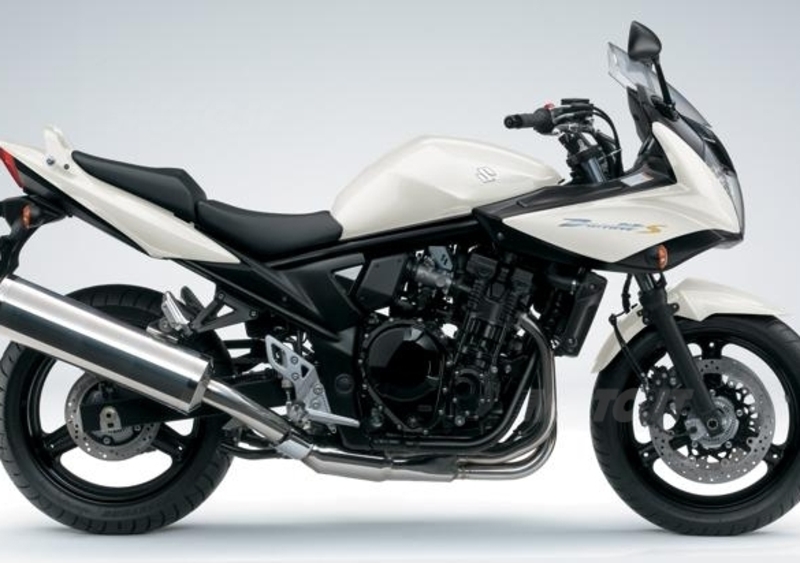 Torna la Suzuki Bandit 650SA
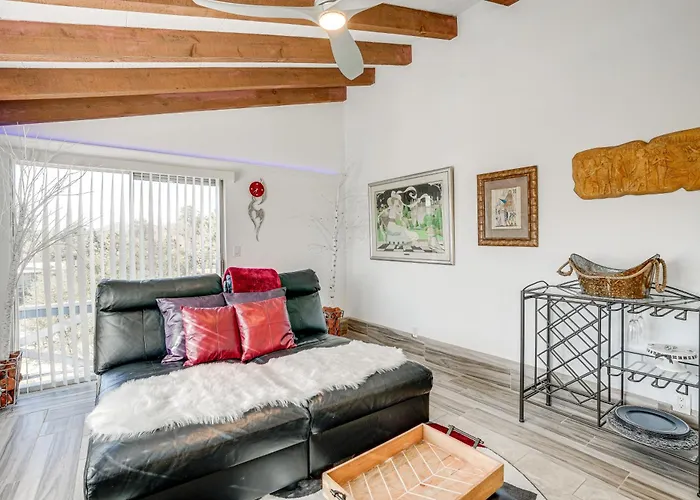 1 Mi To Dtwn: Scenic Hillside Retreat! * Prescott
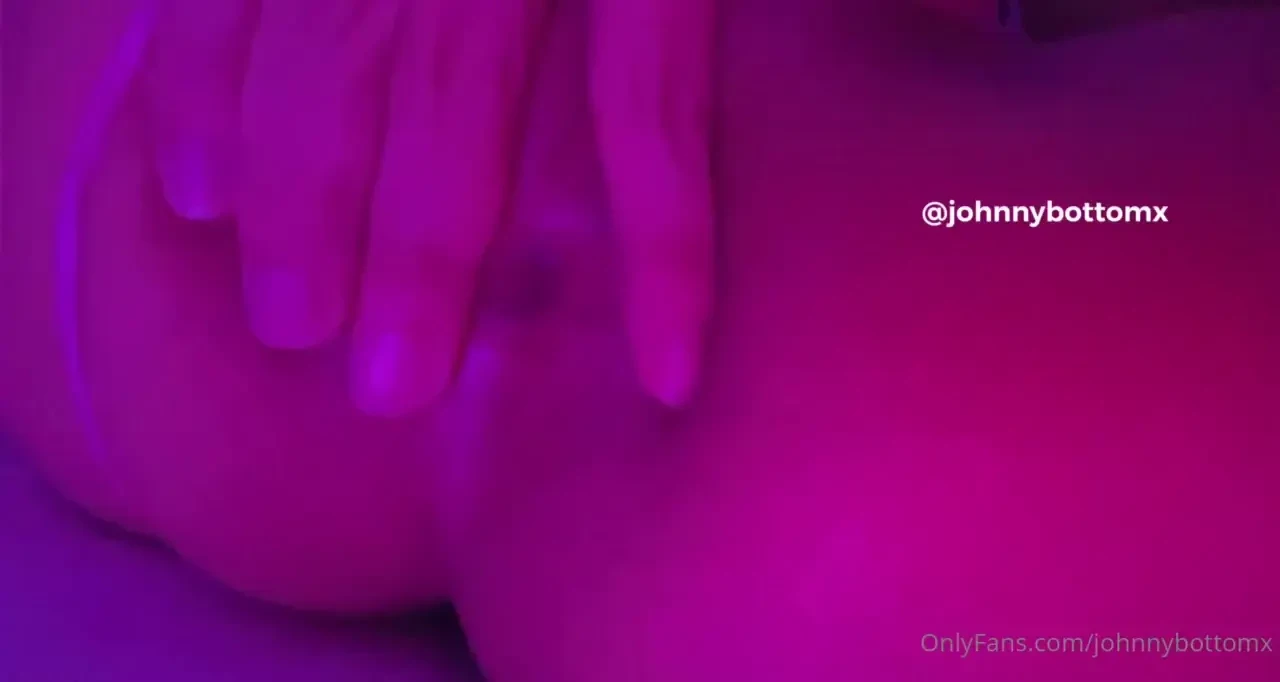 Pussy is so hungry i had to play with it please come fuck me daddy 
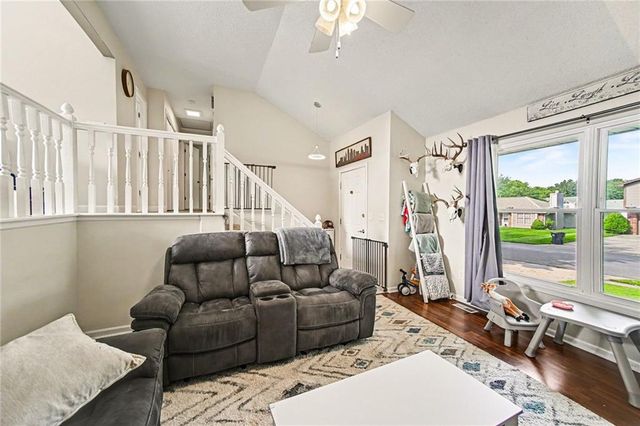 201 Cross Creek Drive, Grain Valley, MO 64029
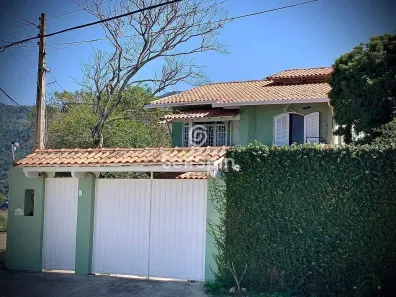 Casa com 6 Quartos para alugar, 400m² no Piratininga, Niterói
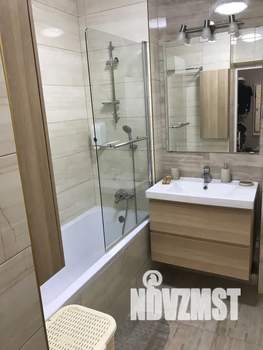 1-к квартира, посуточно, 50м2, 3/3 этаж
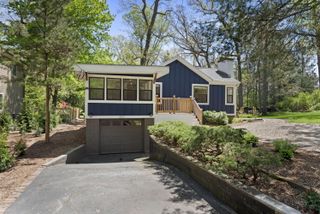 423 Oakland Drive, Michiana Shores, IN 46360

# # # #

:: Task objective ::
Give back the records above exactly, with no pictures.

:: The completed task ::
 Torna la Suzuki Bandit 650SA
 1 Mi To Dtwn: Scenic Hillside Retreat! * Prescott
 Pussy is so hungry i had to play with it please come fuck me daddy 
 201 Cross Creek Drive, Grain Valley, MO 64029
 Casa com 6 Quartos para alugar, 400m² no Piratininga, Niterói
 1-к квартира, посуточно, 50м2, 3/3 этаж
 423 Oakland Drive, Michiana Shores, IN 46360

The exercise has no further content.